**Stored data**
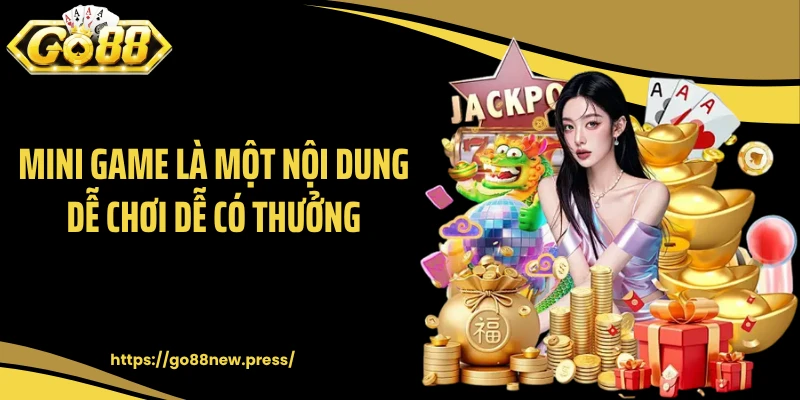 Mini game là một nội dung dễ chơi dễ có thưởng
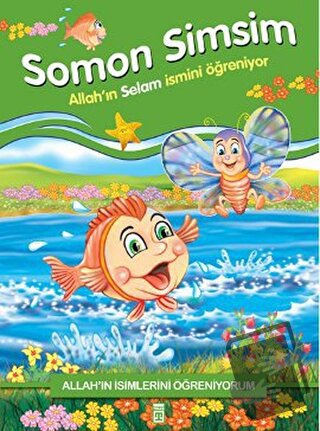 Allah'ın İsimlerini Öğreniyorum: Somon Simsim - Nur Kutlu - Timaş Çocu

* * *

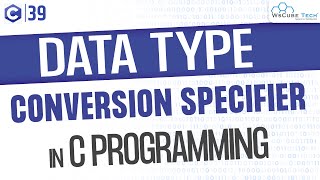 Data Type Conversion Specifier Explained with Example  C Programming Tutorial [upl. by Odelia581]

==

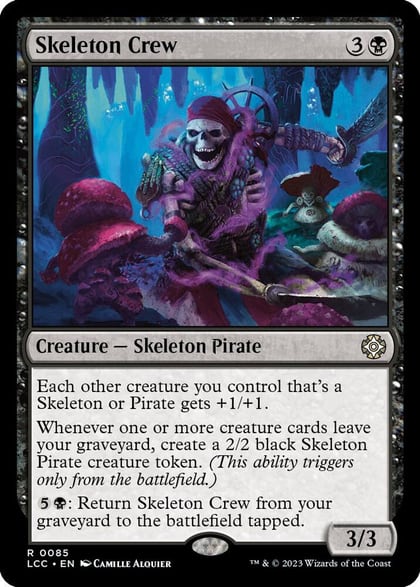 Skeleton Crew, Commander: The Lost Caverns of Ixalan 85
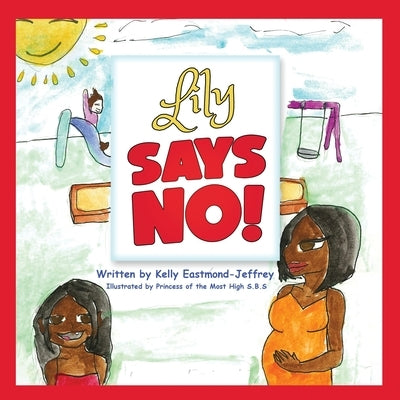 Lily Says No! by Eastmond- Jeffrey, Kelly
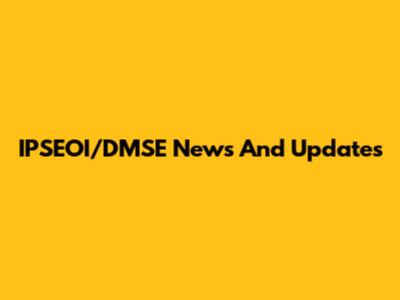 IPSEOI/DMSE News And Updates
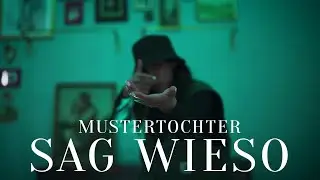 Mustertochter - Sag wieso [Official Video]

**Try it**
With the pictures removed, print only the lines starting at the line that has "Mini game là" and ending at the line that has "Allah'ın İsimlerini Öğreniyorum: Somon", both ends included, exactly as they stand above.

**Output below**
 Mini game là một nội dung dễ chơi dễ có thưởng
 Allah'ın İsimlerini Öğreniyorum: Somon Simsim - Nur Kutlu - Timaş Çocu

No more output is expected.